• [Task to carry out] If a line of the data below holds the string "acero", copy it.

• [Records supplied]
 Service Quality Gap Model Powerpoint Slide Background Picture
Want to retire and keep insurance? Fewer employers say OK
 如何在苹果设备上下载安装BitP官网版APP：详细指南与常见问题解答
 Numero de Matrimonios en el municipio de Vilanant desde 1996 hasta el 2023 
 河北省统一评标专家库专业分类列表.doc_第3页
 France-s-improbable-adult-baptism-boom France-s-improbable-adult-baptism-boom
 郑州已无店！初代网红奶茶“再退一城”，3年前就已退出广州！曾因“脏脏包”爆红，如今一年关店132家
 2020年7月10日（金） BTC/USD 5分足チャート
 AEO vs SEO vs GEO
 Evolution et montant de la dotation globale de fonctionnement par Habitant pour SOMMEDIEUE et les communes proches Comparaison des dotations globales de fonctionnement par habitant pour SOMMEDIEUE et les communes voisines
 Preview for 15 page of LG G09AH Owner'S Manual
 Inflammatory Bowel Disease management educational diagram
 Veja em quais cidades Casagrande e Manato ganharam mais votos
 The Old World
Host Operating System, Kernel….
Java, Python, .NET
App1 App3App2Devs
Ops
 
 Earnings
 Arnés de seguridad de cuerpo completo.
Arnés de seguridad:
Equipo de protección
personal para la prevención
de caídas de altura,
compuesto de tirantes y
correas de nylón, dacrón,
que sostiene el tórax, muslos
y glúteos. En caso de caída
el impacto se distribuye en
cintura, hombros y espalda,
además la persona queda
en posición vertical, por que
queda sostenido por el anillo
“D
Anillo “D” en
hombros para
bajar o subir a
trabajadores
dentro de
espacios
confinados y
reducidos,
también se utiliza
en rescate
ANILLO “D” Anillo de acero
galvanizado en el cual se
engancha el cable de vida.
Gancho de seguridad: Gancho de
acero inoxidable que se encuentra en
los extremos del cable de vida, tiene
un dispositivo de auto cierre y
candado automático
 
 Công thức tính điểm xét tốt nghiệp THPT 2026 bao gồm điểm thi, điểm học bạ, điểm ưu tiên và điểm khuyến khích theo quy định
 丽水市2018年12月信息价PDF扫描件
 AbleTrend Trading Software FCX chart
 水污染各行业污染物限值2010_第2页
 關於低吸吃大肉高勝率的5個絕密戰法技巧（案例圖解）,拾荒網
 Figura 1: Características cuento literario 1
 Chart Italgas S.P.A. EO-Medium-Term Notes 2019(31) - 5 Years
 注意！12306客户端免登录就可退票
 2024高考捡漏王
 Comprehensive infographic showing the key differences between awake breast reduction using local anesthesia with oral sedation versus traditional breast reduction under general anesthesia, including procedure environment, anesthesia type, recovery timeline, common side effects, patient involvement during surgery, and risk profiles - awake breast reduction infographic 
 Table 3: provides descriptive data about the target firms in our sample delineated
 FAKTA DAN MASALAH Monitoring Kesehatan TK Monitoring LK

• [Exercise response]
ANILLO “D” Anillo de acero
acero inoxidable que se encuentra en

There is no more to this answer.